• **INFORMATION**
--- START ---
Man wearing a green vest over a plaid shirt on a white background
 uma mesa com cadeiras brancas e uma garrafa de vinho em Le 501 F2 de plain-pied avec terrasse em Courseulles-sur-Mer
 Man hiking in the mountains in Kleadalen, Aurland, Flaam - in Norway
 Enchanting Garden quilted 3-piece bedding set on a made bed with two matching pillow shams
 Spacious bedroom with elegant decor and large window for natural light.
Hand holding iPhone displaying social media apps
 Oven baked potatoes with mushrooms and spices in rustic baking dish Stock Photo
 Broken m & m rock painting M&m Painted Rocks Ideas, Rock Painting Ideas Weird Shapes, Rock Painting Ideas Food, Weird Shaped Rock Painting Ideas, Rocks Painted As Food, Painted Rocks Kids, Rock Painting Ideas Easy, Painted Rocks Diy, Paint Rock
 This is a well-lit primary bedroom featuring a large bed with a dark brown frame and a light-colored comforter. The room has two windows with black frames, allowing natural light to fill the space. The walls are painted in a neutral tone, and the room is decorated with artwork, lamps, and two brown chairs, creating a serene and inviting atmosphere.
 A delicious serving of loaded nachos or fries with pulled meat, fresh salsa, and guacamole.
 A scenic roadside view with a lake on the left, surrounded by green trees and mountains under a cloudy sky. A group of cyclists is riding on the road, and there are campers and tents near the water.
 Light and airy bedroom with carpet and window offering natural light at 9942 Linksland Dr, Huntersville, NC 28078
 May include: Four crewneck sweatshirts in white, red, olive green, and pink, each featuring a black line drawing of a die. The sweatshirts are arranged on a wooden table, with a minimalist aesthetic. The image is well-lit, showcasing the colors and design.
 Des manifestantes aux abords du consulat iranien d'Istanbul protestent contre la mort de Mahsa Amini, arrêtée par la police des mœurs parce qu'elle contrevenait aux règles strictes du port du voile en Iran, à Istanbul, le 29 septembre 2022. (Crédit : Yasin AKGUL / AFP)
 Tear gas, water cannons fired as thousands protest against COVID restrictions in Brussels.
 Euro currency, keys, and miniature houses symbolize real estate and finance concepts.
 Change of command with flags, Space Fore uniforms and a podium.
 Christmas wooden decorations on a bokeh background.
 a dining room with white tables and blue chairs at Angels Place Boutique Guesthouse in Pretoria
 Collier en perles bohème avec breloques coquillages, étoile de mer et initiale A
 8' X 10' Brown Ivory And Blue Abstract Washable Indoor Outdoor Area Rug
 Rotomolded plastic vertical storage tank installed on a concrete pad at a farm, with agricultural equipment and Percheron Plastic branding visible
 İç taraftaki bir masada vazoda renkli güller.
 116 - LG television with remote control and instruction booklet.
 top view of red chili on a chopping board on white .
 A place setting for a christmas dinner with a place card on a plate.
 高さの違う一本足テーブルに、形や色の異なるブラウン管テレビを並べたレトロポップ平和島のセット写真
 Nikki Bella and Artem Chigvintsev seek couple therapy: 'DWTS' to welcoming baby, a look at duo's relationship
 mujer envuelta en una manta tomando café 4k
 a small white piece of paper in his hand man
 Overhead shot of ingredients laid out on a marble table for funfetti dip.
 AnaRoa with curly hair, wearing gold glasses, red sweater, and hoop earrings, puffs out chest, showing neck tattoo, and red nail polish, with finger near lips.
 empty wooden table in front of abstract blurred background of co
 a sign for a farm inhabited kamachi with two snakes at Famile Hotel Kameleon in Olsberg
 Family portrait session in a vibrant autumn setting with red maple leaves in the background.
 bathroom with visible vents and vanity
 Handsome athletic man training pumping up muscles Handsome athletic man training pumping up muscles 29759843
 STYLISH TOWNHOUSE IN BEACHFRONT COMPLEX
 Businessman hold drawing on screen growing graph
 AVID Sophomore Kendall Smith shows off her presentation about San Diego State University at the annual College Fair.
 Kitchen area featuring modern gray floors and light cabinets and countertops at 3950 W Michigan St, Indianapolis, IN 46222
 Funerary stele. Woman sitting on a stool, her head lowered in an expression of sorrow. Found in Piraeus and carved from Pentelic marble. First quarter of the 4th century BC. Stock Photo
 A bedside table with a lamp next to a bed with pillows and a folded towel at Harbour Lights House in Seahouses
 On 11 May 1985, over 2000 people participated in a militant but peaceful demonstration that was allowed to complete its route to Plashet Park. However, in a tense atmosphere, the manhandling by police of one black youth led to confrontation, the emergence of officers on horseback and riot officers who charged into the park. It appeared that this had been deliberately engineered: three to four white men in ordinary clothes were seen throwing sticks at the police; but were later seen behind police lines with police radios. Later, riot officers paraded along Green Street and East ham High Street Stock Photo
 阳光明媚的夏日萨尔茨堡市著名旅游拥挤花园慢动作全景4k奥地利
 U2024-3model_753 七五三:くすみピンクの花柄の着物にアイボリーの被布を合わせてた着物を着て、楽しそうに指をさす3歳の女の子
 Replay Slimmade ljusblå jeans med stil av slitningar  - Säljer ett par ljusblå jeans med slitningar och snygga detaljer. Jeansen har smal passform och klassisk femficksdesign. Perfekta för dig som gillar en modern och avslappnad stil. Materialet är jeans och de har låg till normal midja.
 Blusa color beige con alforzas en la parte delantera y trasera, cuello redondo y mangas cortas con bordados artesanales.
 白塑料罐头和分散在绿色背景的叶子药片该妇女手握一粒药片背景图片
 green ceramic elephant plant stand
--- END ---
• **WHAT IS EXPECTED**
Where does the word "farm" appear in the listing? List each line that holds it.

• **WRITTEN RESPONSE**
 Rotomolded plastic vertical storage tank installed on a concrete pad at a farm, with agricultural equipment and Percheron Plastic branding visible
 a sign for a farm inhabited kamachi with two snakes at Famile Hotel Kameleon in Olsberg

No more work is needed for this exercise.